Their friends include: Mark, a filmmaker; Maureen, a performance artist; Joanne, a Harvard-educated lesbian lawyer; Benny, a turncoat yuppie landlord; and Angel, an HIV-positive drag queen and doggy-killer.

But the characters are dwarfed by huge shadows projected on the rear stage wall, perhaps created by lights positioned beneath the stage. One implication is that Roger, Mimi and friends are iconic, larger than life. But they seem merely small, like ants scurrying under a magnifying glass, until one or another disappears in a twist of smoke.

The plot is too busy by half. Because the narrative careens from one multi-character, multi-location scene to the next, the audience never gets to know the characters. The lovers quarrel and part and get together again, and we're never shown why; Christmas turns to New Year's Eve and becomes Valentine's Day before we've mentally taken down the tree.

It's not that the performers don't try. In some ways, the cast of the second national tour is superior to the first. The actors display the same crash-and-burn energy, and, unlike their predecessors, they articulate well enough for the audience to understand the lyrics.

Nearly everyone sings extremely well, even the performers who start out slowly. For instance, Jacqueline B. Arnold (Joanne) has a voice that hums along well enough in low gear; it's appealing, if not spectacular. But when the score requires Arnold to floor the gas pedal, the surge of power pins theatergoers back in their seats.

As Mimi, Dominique Roy has a warm, liquid tone and a lovely way of molding a phrase. Unfortunately, the poor girl is saddled with one of the sillier endings in theater history: After dying a fittingly tragic death on stage - sweet Mimi's taper extinguished at last - she pops back up like the flame on one of those trick candles.
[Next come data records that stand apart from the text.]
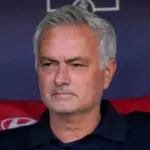 Jose Mourinho Tidak Alami Kemajuan di Real Madrid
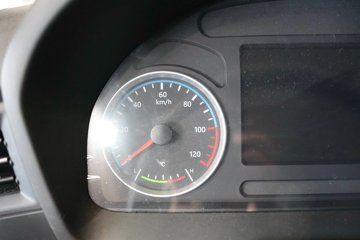 �������KC 8X4 6.5�״��綯��ж�� ����ʱ��352kWhͼƬ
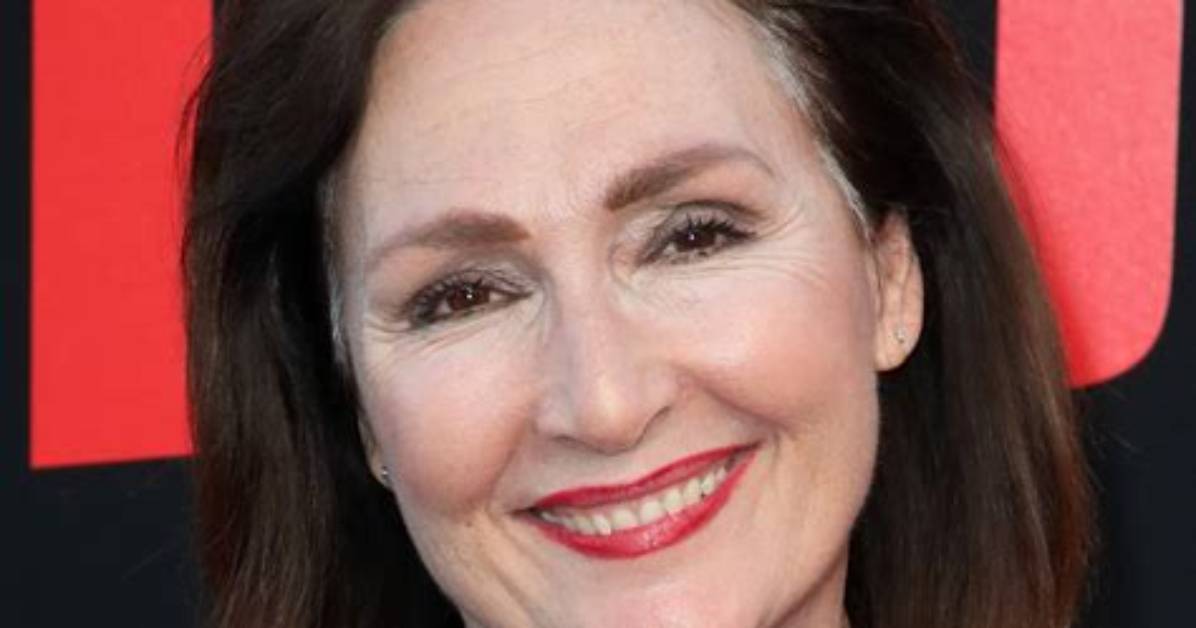 Nora Dunn Net Worth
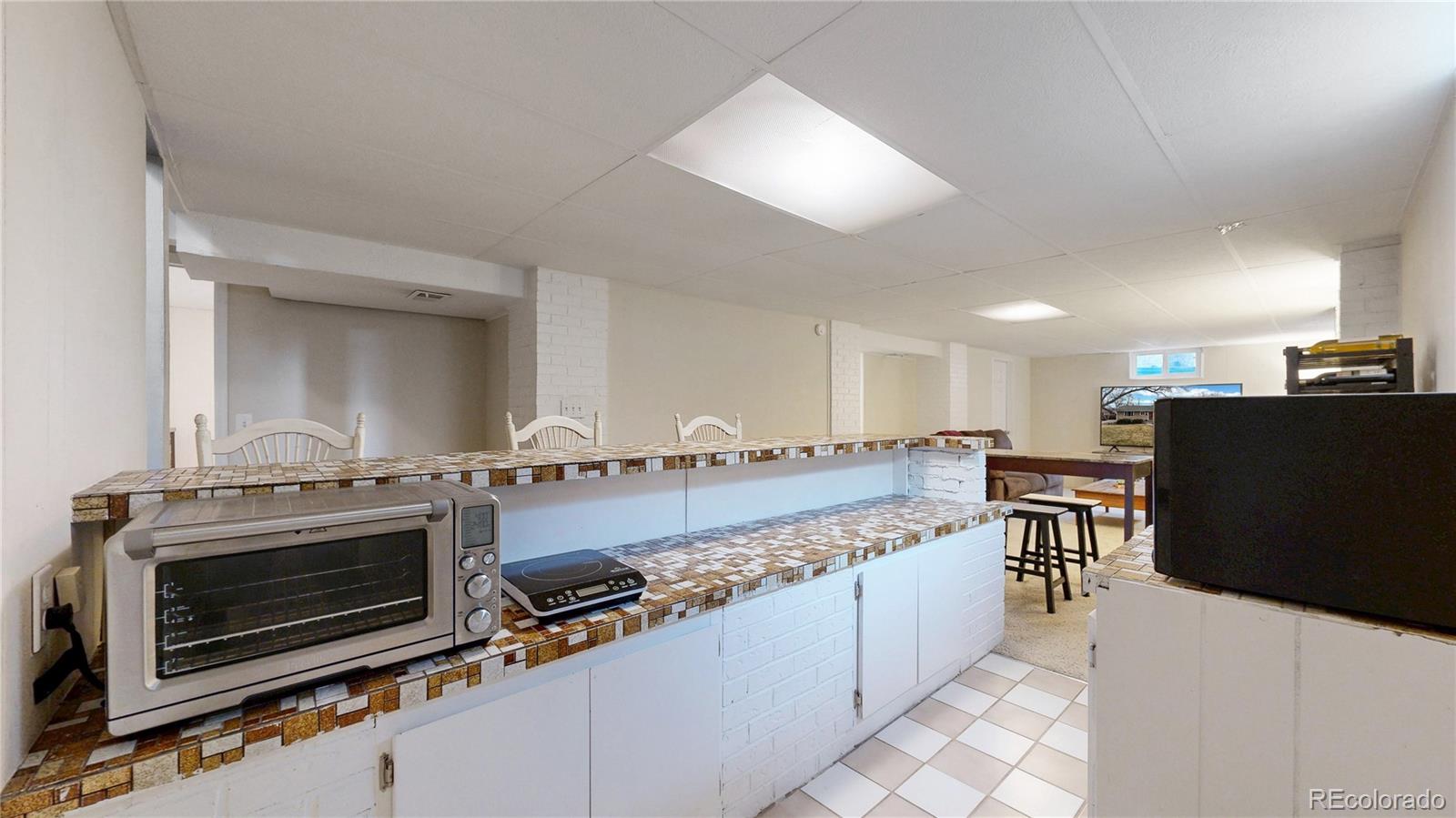 MLS Image #17 for 1823 s carr street,lakewood, Colorado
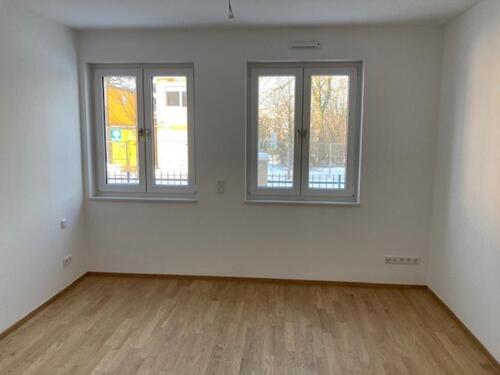 Foto - Etagenwohnung in Bochum zur Miete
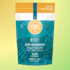 Product Preview Image 1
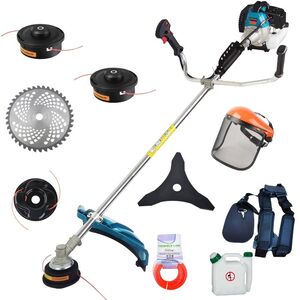 HELL Benzinski trimer GRM-520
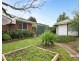 4 Pitta Cl, Werribee VIC 3030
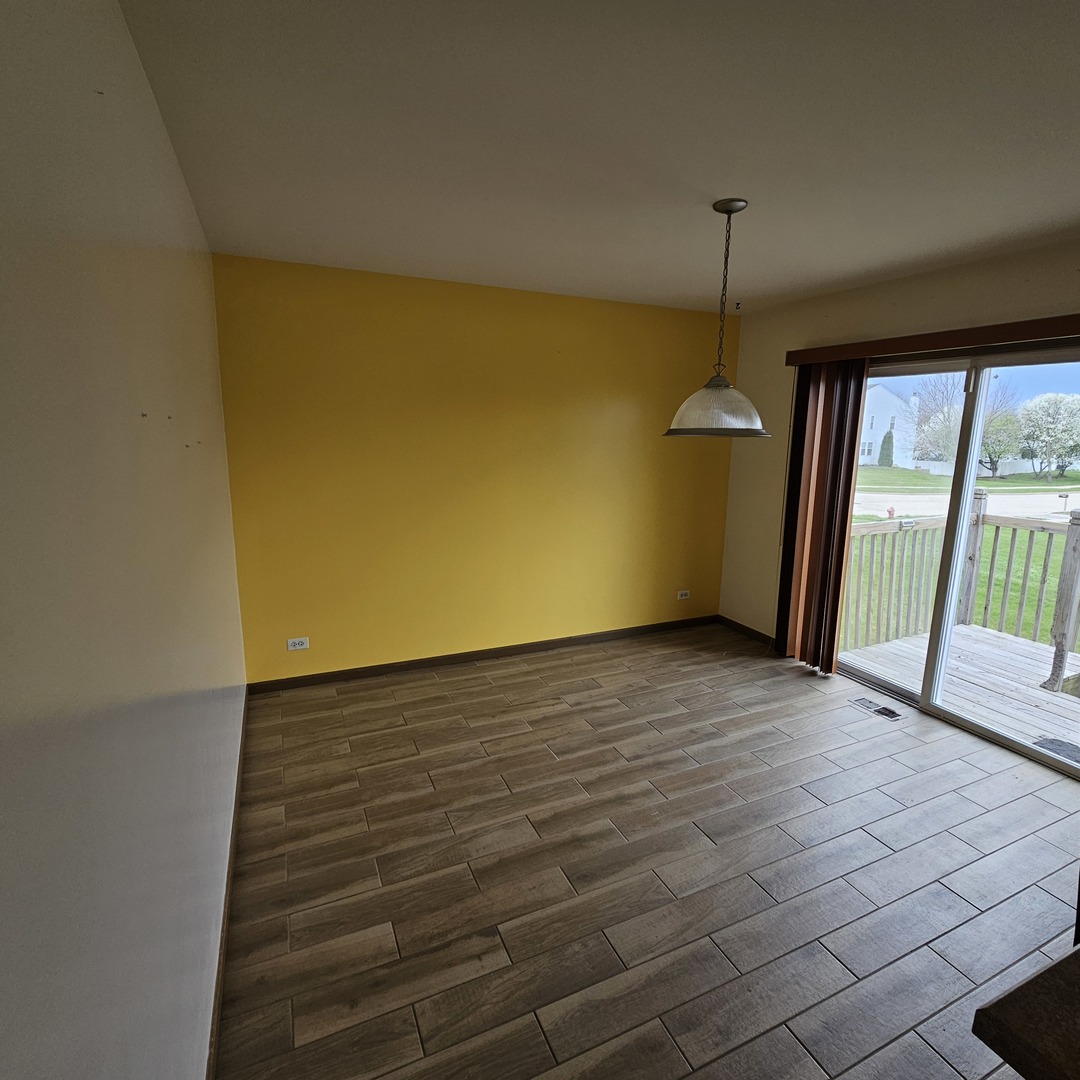 1451 Pondview Drive, Belvidere, IL 61008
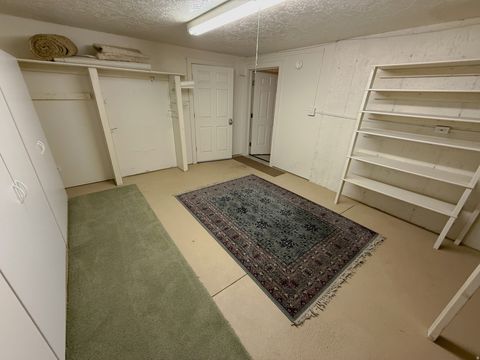 Tiny photo for 9518 N 4500 W, Cedar Hills, UT 84062 (MLS # 2151719)
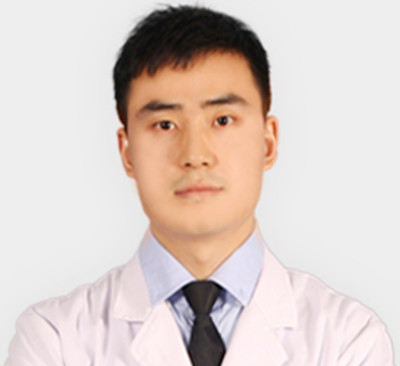 李永華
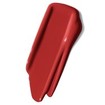 Maybelline Superstay Matte Ink 5ml - 335 Hustler Maybelline Superstay Matte Ink 5ml - 335 Hustler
She's not dead after all! She met Angel, who told her to turn back!

And no one on stage seems particularly nonplussed.

But the audience might forgive even an ending this laughable if the score were less mediocre. Larson hoped to make his mark as a composer, and he seems to be suffering from a bad case of Puccini-envy; Roger strums "Musetta's Waltz" incessantly whenever he's seeking inspiration. Unfortunately, the dead composer's ghost must have been busy inspiring a worthier supplicant; while Larson's songs are pleasant, none is memorable.

He wasn't without a certain facility; like an early mentor, Stephen Sondheim, Larson wrote about the people he knew and the problems they faced, and he had a knack for putting everyday expressions and rhythms into his lyrics. Both Larson and Sondheim (in "West Side Story") explore the problems of the urban young. And both musicals update classics - "West Side Story" is a retelling of "Romeo and Juliet."

But "Rent" has none of Sondheim's ironic wit, his capacity for expressing vulnerability without sentimentality, or his devastatingly accurate insights into human relationships. So instead of "America," we get "Seasons of Love":

"Five hundred twenty-five thousand, six-hundred minutes. How do you measure, measure a year? How about love? How about love? How about love?"

How about a Timex?

According to my watch, "Rent's" 15 minutes of fame has long since expired. By 525,545 minutes, to be exact.